My current hospital admits a lot but they at least have good staffing so I have a night cap of 8 pts and a closed ICU so if the pt is sick I call the intensivist and it’s off my hands. So I never argue about all the BS admissions I get , they are easy patients who take me 20 minutes to admit. Just admit the chronic migraine with q2hr dilaudid and let the day hospitalist figure out how to get the pt out.

Aren't you an intensivist?
 
Aren't you an intensivist?
I am. But I used to be a nocturnist hospitalist and still help them out when their nocturnist goes on vacation and they need help. It’s a welcome change of pace. I admit I would struggle to discharge a pt but I haven’t lost my admitter skills.
 
Can other hospitalists here comment on how pervasive this practice is?
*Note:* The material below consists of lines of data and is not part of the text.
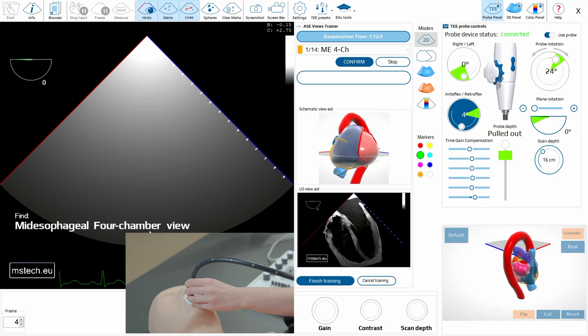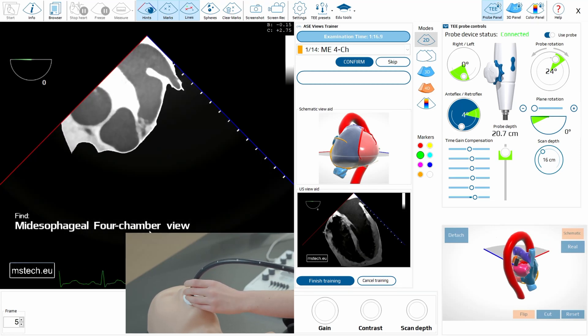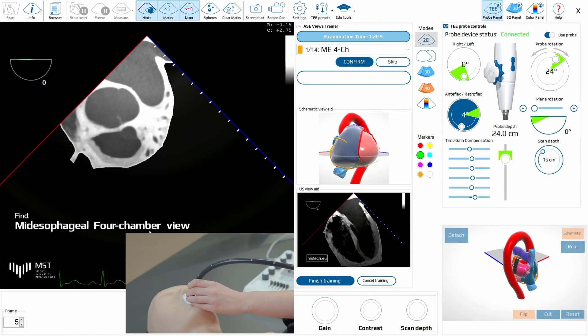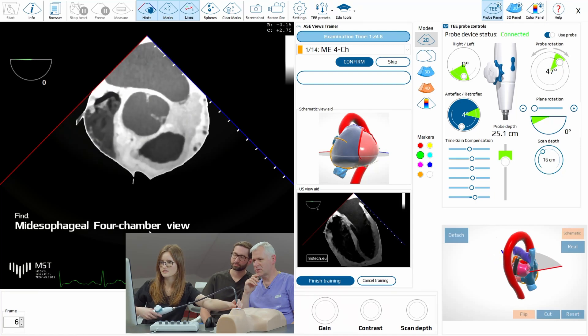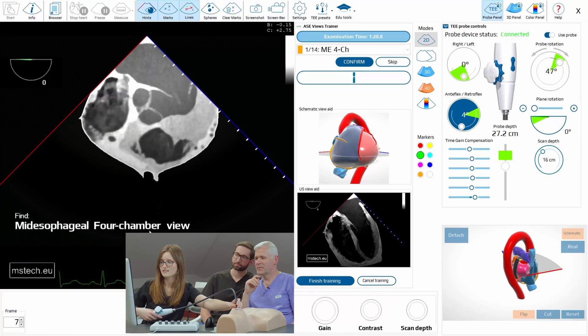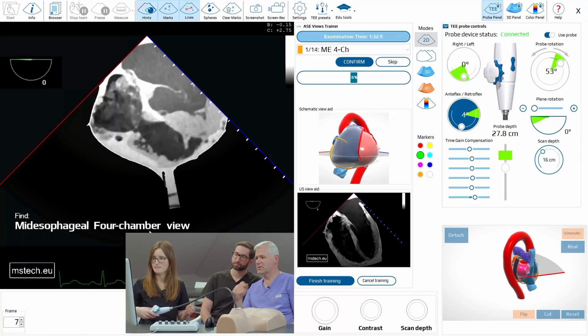Go, go, go — no problem. So you have to pass the aorta. Keep the aorta in the center more or less. Go deeper. And now you have to do this view here.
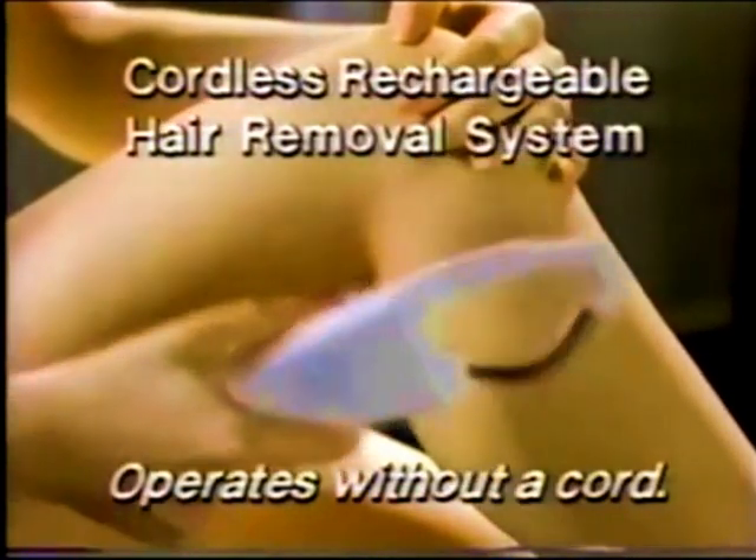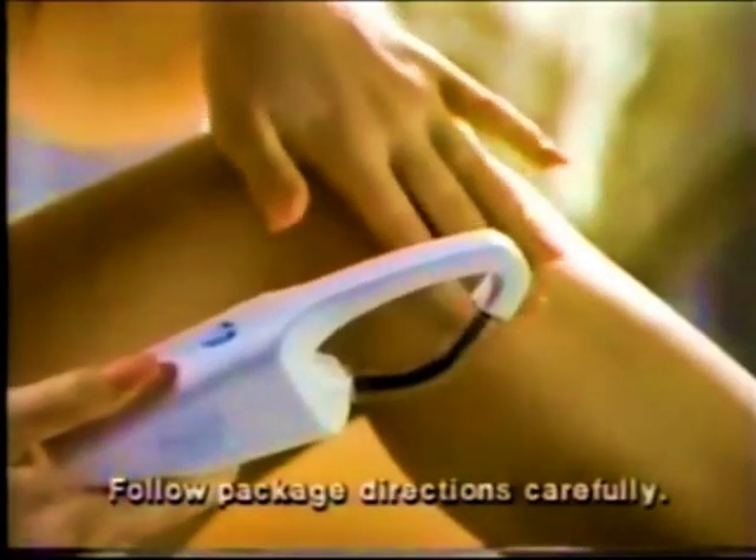Ladies, now you can stop shaving and enjoy beautiful hair-free legs for weeks at a time. With the new Lady Remington Smooth & Silky Cordless Rechargeable Hair Removal System. Lady Remington's Smooth & Silky Soft Hygienic Rotating Roller quickly removes hair below the skin at root level.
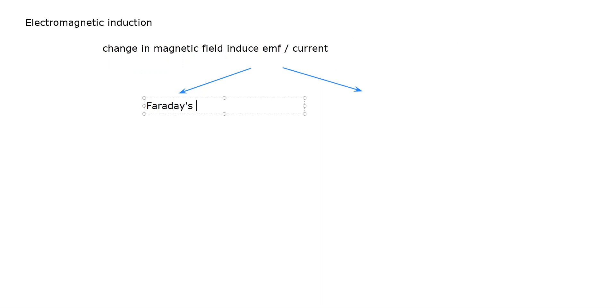Last week we discussed electromagnetic induction. Electromagnetic induction states that whenever there is a change in the magnetic field, it will produce an EMF or current. Faraday's law states that if there is a greater change in the magnetic field, the induced EMF will be higher. Lenz's law states that the induced EMF always opposes the change in the magnetic field.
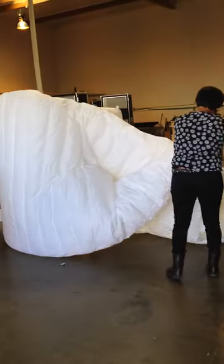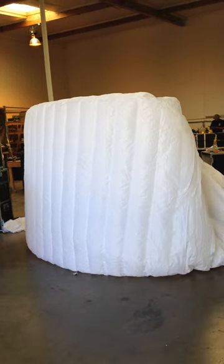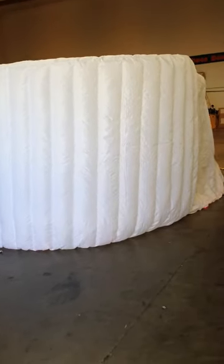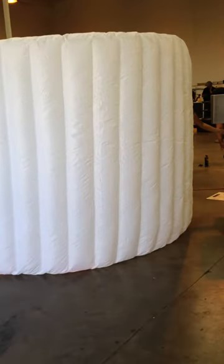You got to close the zipper in order for this to inflate faster. But other than that, it's less than a minute. There you have it, 55 seconds.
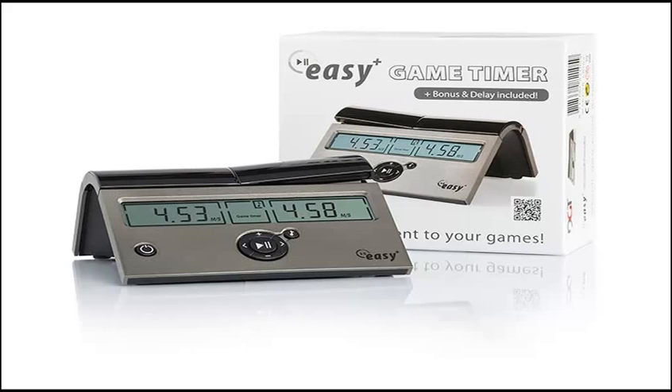I like the DGT Easy Game Timer's balance of simplicity and accuracy. This clock is ideal for chess beginners and board game players who are budget conscious. It has an attractive, simple, and durable design that comes in a nice gift box. It's manufactured by DGT Digital Game Technology and features a two-year manufacturer's warranty.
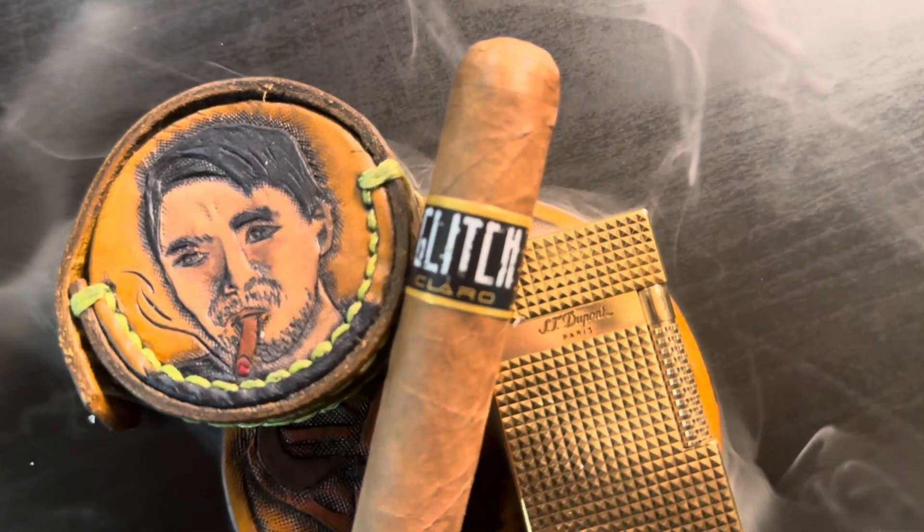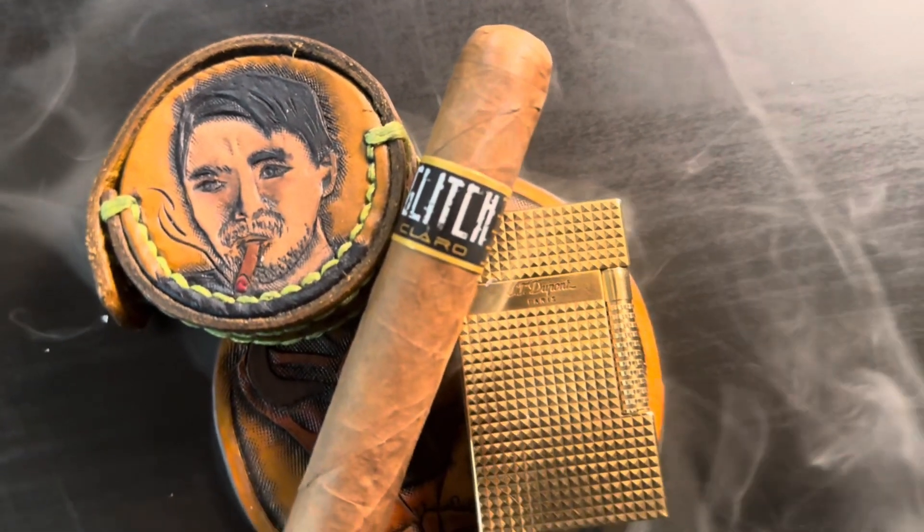Welcome back to Midnight Cigars, my name is Eric. Today we're reviewing the Blackbird Glitch Claro. I think the last one I smoked was the Habano — I didn't like that as much — so this time we're trying the Claro, because why not. Haven't smoked a Connecticut in a while, so we'll see what happens.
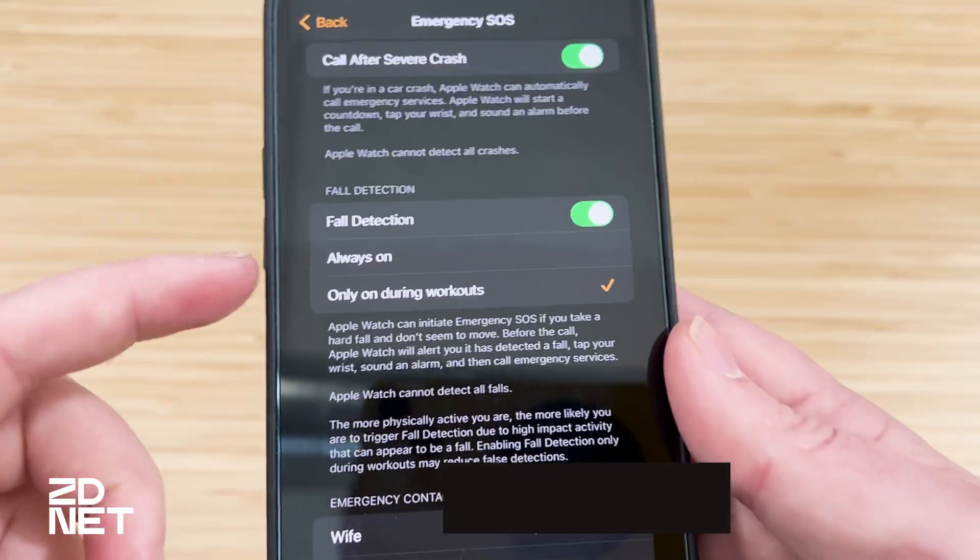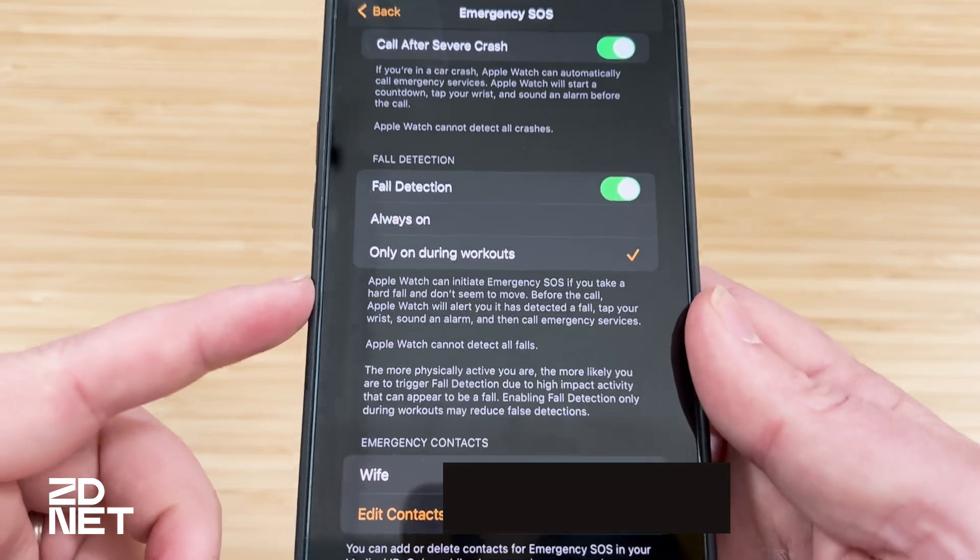You can see there are two options: there's always on, and then there's only on during workouts. I was under the impression that my watch was always on fall detection, but I had no idea if it had changed to workout only. So I did some research. It turns out when you enter your age during Apple Watch setup, if you're under 55, fall detection defaults to only during workouts. If you're 55 or older — people who may be more prone to accidental falls — it defaults to always on.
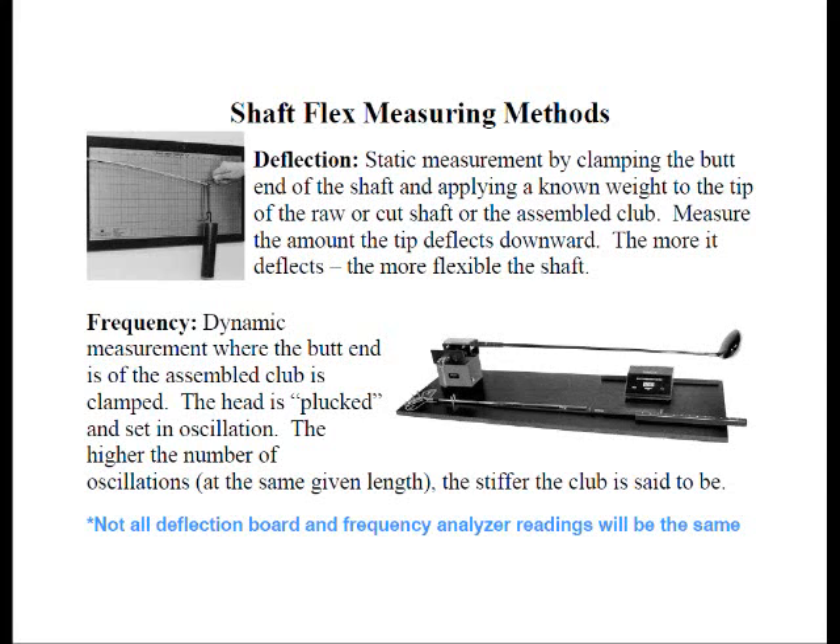A frequency analyzer has a collet at the butt end where you can clamp the shaft, and over at the head there's a box or sensor. You take the club head and pluck it so it oscillates back and forth, and the unit will detect how many cycles per minute. The higher the cycles per minute, the stiffer the shaft is said to be.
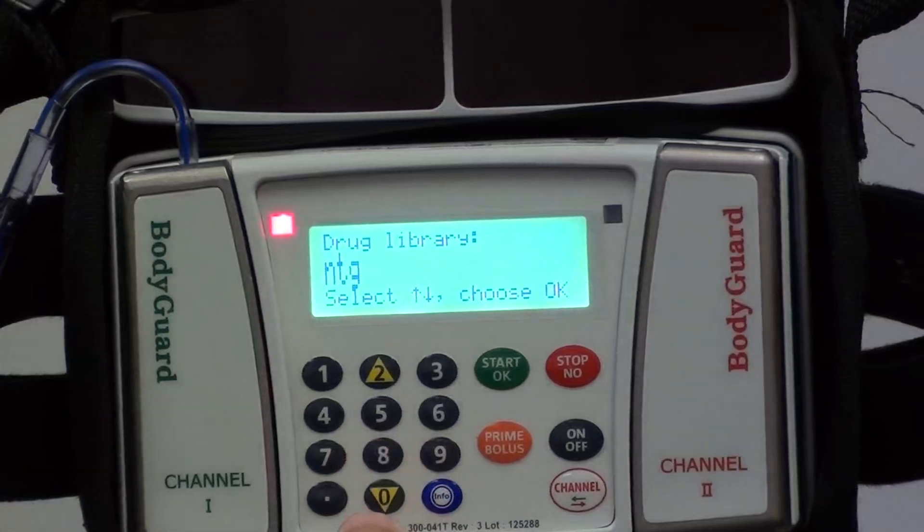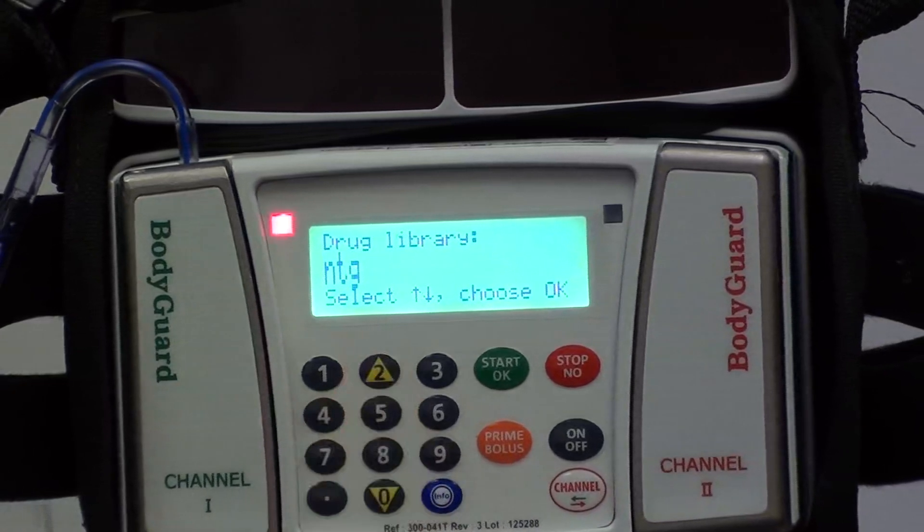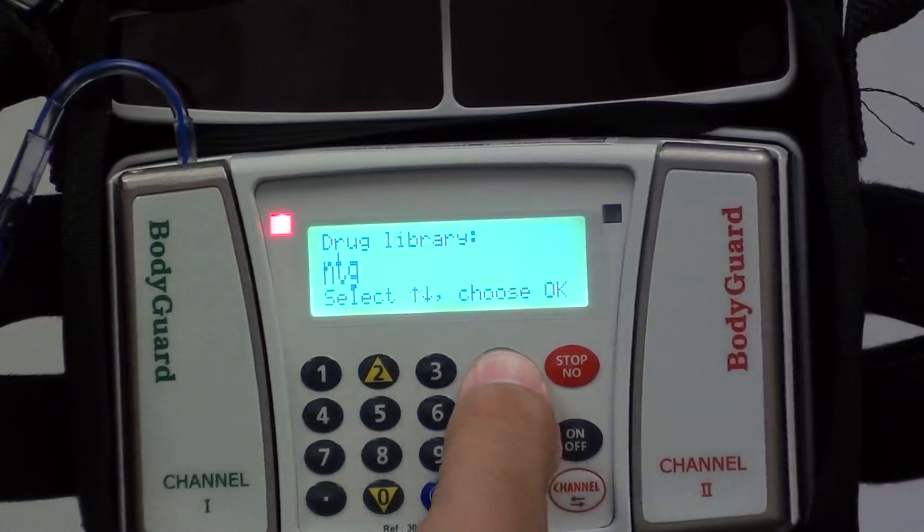You can choose the medications by using the two and the zero button as your arrows to flip between the medications. At this point we're just going to use nitroglycerin for this example. You'll choose your medication by pressing the start and OK button.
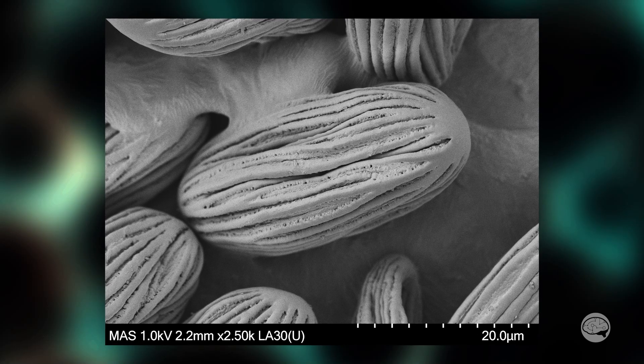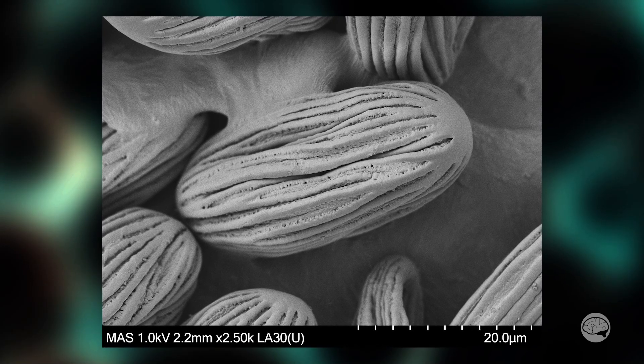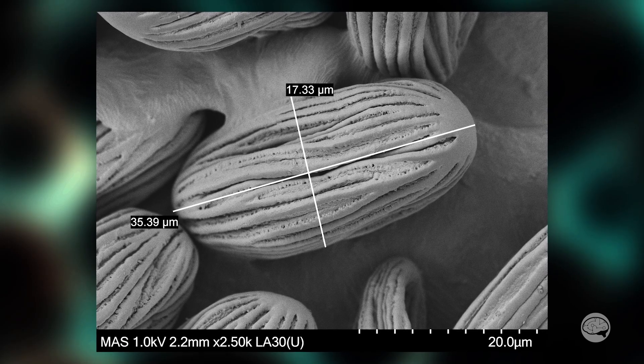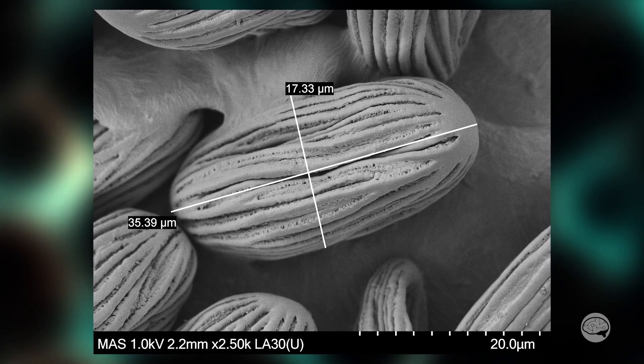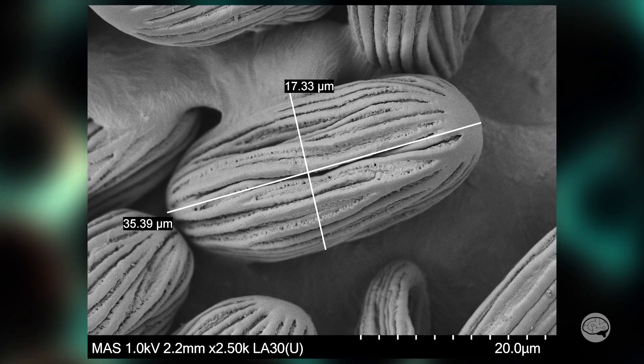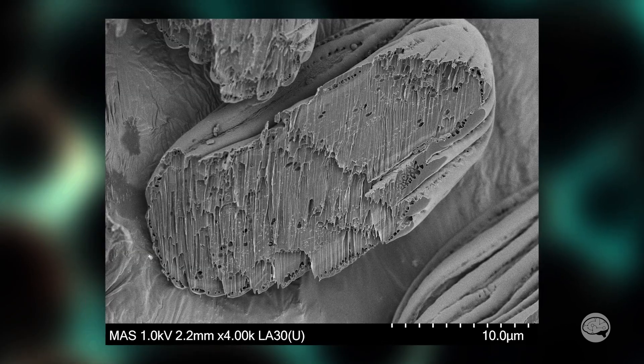Once in the SEM, we can actually see the surface features on these little guys and measure them. And yeah, they are pretty small — they're about 35 microns long. And to put that into perspective, the hair on your head is usually around 50 microns thick.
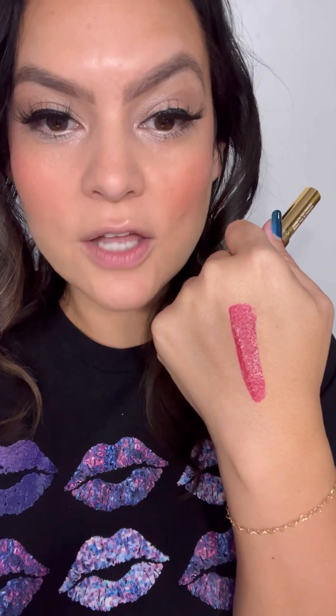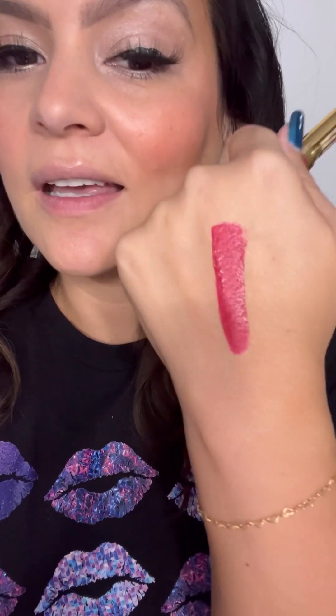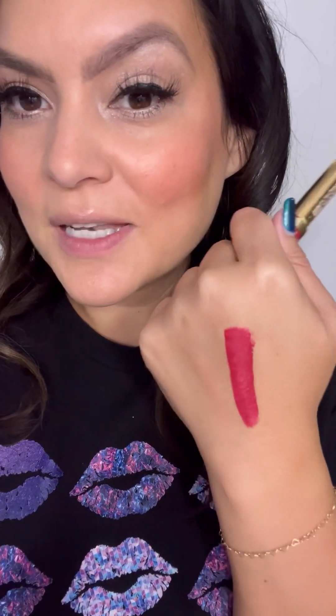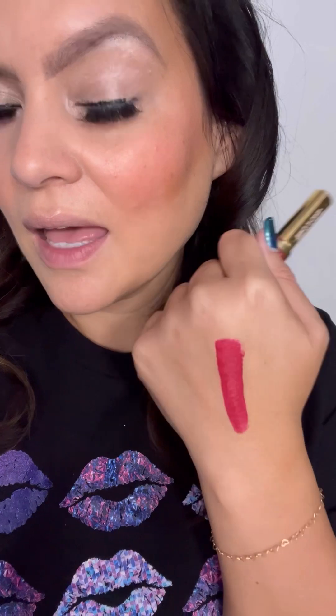Here is a swatch of Rich Ruby. How pretty is that color? If you know Lip Sons, this is reminiscent of Maud Magenta. Absolutely gorgeous — kind of like the perfect blend of a red and magenta color.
I wouldn't say my hospital pressures the ED to admit but they do make it easy because we have an obs unit and dedicated obs doctors. Low risk chest pain, non-septic cellulitis without outpt treatment (and don't forget bilateral cellulitis!!), missed dialysis and similar ilk frequently get admitted. It sucks somedays 'cus the obs docs have a pt cap and the remaining obs admits flow to the inpt guys, so there are days i can get 4 obs admits that are questionable at best. Bear in mind, first job out of residency so IDK if this is just how the real world is.
 
Man this thread makes me want to puke. I wonder if there have been any studies about how much questionably necessary or downright unnecessary admissions contribute to heathcare spending. Or maybe an ED metric should be percentage of patients you admit that are discharged the next day when a resident admitted, excluding obvious short stays like ACS rule outs.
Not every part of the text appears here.